I'd love to know how you think the meaning or effect of an individual song is enhanced, clarified or possibly contradicted by the EPs, or albums it is part of. Does the song, for example, need to be consistent with the larger whole?

Interesting question.

Sometimes EPs / albums do feel like one big song … and sometimes an EP is a collection of loose end songs, one’s that don’t have a home elsewhere so the EP becomes a kind of vehicle to get them out rather than a true cohesive artistic statement. I don’t have a problem with that, it’s hard enough to release music as it is.

I think it’s definitely possible for a song to contradict the project it's a part of… it can also get lost in it … it’s fun to play with that and I'm sure some choices don’t work for everyone but I also like that that’s kind of the deal … you can be having a perfect day and then you get a flat tire …

Sometimes life throws surprises at you and I like that music can do the same.

When you're writing song lyrics, do you sense or see a connection between your voice and the text? Does it need to feel and sound “good” or “right” to sing certain words? What's your perspective in this regard of singing someone else's songs versus your own?

There are definitely words that sound better to sing than others … I even feel like my accent is up for grabs sometimes!

Some words are more romantic when softened, and if that’s what I want from the feeling of the song it makes sense to soften them, even at the cost of my accent on that word. There are also certain sounds which don’t record well, like an ‘s’ sound, so they get softened which can sound like an accent change too. And sometimes to go against the grain and harden a word can be very effective.

I don’t often sing covers, mainly because it doesn’t really interest me but when I do I guess I have to put on the clothes of another writer for a moment and find myself within them. You have to find a place of resonance between you and the song otherwise it will sound like a lie.

I would love to know a little about the feedback you've received from listeners or critics about what they thought some of your songs are about – have there been “misunderstandings” or did you perhaps even gain new “insights?”

I once had a person come up to me and tell me they thought a song was about depression and it caught me off guard because the song really wasn’t written from that space but it amazed me how much people put of themselves in songs.

With my song “Irish Eyes” I was honestly so taken by surprise by how many people took it and felt it was about them because it felt so specific to me when I wrote it.



What I didn’t realise is that people just took the feeling of celebrating heritage from the song, the details didn’t matter to them and I love that, the song transcended itself!

Creativity can reach many different corners of our lives.

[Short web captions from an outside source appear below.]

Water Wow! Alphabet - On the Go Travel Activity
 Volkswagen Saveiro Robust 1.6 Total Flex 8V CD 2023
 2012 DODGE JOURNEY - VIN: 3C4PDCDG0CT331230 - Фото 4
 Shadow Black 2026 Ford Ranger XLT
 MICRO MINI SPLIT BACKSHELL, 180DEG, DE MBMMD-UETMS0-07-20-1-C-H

Do you feel as though writing song lyrics or poetry is inherently different from something like making a great cup of coffee? What do you express through music that you couldn't or wouldn't in more 'mundane' tasks?

Yes it’s very different. Of course a great cup of tea is a precious thing but being an artist and living that life is far more complicated and costly.

It’s not a simple thing to write a song, and even harder to write one that people connect with. You have to spend your life with your eyes open, you have to be prepared to examine yourself, each flaw and failing, each high point and low point ... Nothing can be off the table. A wound is kept raw every time you sing about it, it is on your canvas forever so that you can turn to it in your work for truth.

Not to say we’re all saints who never dip into normal day to day things … I've binged my fair share of Love is Blind and got lost on reels. But in general writing a song is the bringing together of years and years of work, most of which is invisible and that’s where the magic is.